Analysis of an irregular boundary layer behavior for the steady state flow of a Boussinesq fluid

TL;DR

This paper rigorously analyzes the boundary layer behavior of a steady Boussinesq fluid flow in a vertical channel, extending classical asymptotic analysis with new mathematical proofs involving Painlevé transcendents.

Contribution

It provides a rigorous proof of boundary layer asymptotics for Boussinesq flow, connecting nonlinear differential equations to fluid dynamics and nonlinear analysis conjectures.

Findings

Established non-degeneracy of a Painlevé-I solution.

Linked boundary layer problem to nonlinear Schrödinger ground states.

Related results to the Lazer-McKenna conjecture.

Abstract

Using a perturbation approach, we make rigorous the formal boundary layer asymptotic analysis of Turcotte, Spence and Bau from the early eighties for the vertical flow of an internally heated Boussinesq fluid in a vertical channel with viscous dissipation and pressure work.
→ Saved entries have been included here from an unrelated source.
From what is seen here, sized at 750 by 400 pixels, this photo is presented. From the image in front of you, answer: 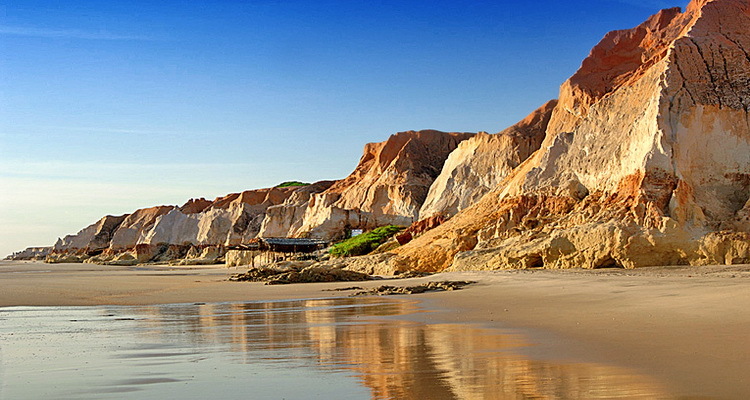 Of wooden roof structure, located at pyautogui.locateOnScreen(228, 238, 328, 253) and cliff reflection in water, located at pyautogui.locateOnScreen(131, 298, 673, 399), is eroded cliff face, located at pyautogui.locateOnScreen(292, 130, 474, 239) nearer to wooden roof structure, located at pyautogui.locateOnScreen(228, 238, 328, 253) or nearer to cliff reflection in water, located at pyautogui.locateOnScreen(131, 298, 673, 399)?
wooden roof structure, located at pyautogui.locateOnScreen(228, 238, 328, 253)

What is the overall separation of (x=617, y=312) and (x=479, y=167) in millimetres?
38979

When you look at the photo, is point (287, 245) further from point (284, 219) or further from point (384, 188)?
point (284, 219)

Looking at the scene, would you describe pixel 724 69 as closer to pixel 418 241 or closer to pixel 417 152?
pixel 418 241

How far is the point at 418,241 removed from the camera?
3244 centimetres

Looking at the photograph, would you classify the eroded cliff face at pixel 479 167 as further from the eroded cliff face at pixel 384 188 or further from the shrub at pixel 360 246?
the eroded cliff face at pixel 384 188

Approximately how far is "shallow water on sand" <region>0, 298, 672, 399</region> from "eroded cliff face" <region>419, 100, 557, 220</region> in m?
35.5

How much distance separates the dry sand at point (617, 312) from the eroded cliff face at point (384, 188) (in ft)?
133

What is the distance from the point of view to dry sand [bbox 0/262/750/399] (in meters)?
5.86

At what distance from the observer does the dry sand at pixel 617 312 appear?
5.86m


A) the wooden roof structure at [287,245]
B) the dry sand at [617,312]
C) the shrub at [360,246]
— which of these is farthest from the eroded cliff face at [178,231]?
the dry sand at [617,312]

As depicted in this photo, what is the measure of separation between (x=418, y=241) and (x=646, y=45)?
17.4 meters

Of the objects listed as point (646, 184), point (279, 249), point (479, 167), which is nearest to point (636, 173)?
point (646, 184)

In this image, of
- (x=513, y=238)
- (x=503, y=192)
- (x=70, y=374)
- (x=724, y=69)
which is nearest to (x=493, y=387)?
(x=70, y=374)

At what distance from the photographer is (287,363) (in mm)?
6746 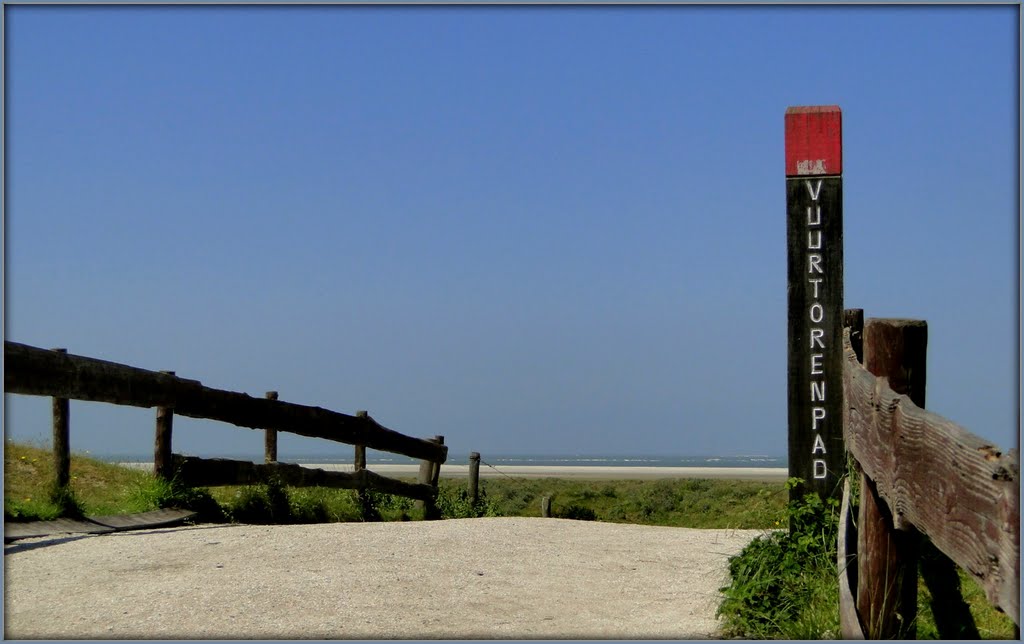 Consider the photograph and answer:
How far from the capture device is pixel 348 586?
20.7 ft

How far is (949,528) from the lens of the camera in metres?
2.63

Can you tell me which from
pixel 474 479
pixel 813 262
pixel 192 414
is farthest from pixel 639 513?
pixel 813 262

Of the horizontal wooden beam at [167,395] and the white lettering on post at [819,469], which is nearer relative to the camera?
the white lettering on post at [819,469]

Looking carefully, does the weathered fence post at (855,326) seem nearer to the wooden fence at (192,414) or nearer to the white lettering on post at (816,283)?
the white lettering on post at (816,283)

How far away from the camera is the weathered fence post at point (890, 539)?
4047 mm

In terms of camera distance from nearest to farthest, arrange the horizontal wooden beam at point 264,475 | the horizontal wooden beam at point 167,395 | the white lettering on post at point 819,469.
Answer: the white lettering on post at point 819,469
the horizontal wooden beam at point 167,395
the horizontal wooden beam at point 264,475

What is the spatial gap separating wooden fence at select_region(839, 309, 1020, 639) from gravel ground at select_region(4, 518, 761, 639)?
1474mm

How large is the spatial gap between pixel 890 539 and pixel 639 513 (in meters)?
15.0

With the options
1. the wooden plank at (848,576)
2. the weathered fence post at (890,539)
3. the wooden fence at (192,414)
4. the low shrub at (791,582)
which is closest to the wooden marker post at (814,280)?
the low shrub at (791,582)

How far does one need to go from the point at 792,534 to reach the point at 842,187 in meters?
2.63

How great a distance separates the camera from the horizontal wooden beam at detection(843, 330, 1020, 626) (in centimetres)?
220

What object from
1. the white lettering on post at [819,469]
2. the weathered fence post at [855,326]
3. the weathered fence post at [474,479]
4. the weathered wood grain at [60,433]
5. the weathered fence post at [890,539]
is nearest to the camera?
the weathered fence post at [890,539]

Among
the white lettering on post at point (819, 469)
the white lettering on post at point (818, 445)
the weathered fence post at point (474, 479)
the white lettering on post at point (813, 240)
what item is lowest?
the weathered fence post at point (474, 479)

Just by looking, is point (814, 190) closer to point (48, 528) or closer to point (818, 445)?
point (818, 445) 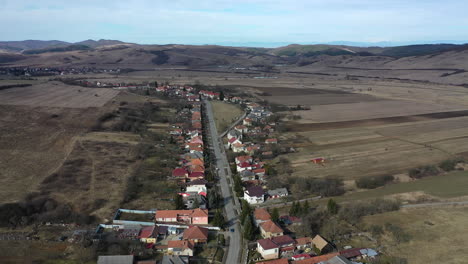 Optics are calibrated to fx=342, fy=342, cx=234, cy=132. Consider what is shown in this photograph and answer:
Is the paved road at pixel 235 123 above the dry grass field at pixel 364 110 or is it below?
below

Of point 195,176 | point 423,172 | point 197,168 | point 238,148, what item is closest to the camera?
point 195,176

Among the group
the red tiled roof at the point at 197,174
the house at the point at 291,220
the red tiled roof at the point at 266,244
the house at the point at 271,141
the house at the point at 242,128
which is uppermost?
the house at the point at 242,128

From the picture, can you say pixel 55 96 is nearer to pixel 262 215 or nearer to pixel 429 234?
pixel 262 215

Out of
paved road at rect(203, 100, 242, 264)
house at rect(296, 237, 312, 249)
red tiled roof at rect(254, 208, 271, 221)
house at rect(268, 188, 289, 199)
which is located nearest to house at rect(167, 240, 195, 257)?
paved road at rect(203, 100, 242, 264)

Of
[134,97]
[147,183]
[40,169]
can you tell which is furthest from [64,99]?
[147,183]

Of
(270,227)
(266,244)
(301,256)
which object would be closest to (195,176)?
(270,227)

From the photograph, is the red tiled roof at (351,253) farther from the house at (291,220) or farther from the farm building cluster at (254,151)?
the farm building cluster at (254,151)

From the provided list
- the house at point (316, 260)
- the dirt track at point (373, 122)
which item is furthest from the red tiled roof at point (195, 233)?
the dirt track at point (373, 122) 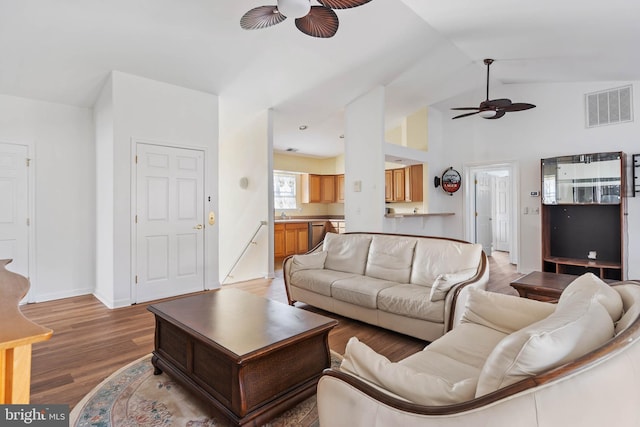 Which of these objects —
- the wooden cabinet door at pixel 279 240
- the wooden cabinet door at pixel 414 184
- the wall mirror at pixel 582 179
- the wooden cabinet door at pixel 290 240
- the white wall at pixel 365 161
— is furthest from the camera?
the wooden cabinet door at pixel 290 240

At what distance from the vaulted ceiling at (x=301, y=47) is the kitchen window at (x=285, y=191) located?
9.96 ft

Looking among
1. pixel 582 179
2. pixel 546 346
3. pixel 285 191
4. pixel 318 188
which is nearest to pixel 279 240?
pixel 285 191

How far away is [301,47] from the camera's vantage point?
4148 millimetres

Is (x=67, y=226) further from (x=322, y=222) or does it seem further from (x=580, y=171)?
(x=580, y=171)

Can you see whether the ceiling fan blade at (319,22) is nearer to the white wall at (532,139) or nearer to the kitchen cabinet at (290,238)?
the white wall at (532,139)

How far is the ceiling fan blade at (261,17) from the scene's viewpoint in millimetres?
2459

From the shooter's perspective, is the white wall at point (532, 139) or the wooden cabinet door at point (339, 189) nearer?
the white wall at point (532, 139)

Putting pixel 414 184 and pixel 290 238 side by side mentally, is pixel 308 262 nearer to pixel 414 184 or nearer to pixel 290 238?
pixel 290 238

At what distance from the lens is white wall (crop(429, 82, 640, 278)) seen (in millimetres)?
5016

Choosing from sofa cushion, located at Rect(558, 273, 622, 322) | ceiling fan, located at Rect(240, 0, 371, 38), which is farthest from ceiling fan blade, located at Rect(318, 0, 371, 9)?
sofa cushion, located at Rect(558, 273, 622, 322)

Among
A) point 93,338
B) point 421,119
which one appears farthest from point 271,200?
Answer: point 421,119

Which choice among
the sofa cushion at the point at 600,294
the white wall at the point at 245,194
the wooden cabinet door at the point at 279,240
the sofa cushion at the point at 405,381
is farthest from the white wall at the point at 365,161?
the sofa cushion at the point at 405,381

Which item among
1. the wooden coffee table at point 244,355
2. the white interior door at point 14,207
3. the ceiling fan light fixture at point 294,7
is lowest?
the wooden coffee table at point 244,355

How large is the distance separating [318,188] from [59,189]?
5.66 metres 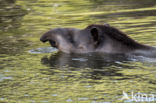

A key point in our proof is to establish the non-degeneracy of a special solution of the Painlev\'{e}-I transcendent. To this end, we relate this problem to recent studies for the ground states of the focusing nonlinear Schr\"{o}dinger equation in an annulus. We also relate our result to a particular case of the well known Lazer-McKenna conjecture from nonlinear analysis.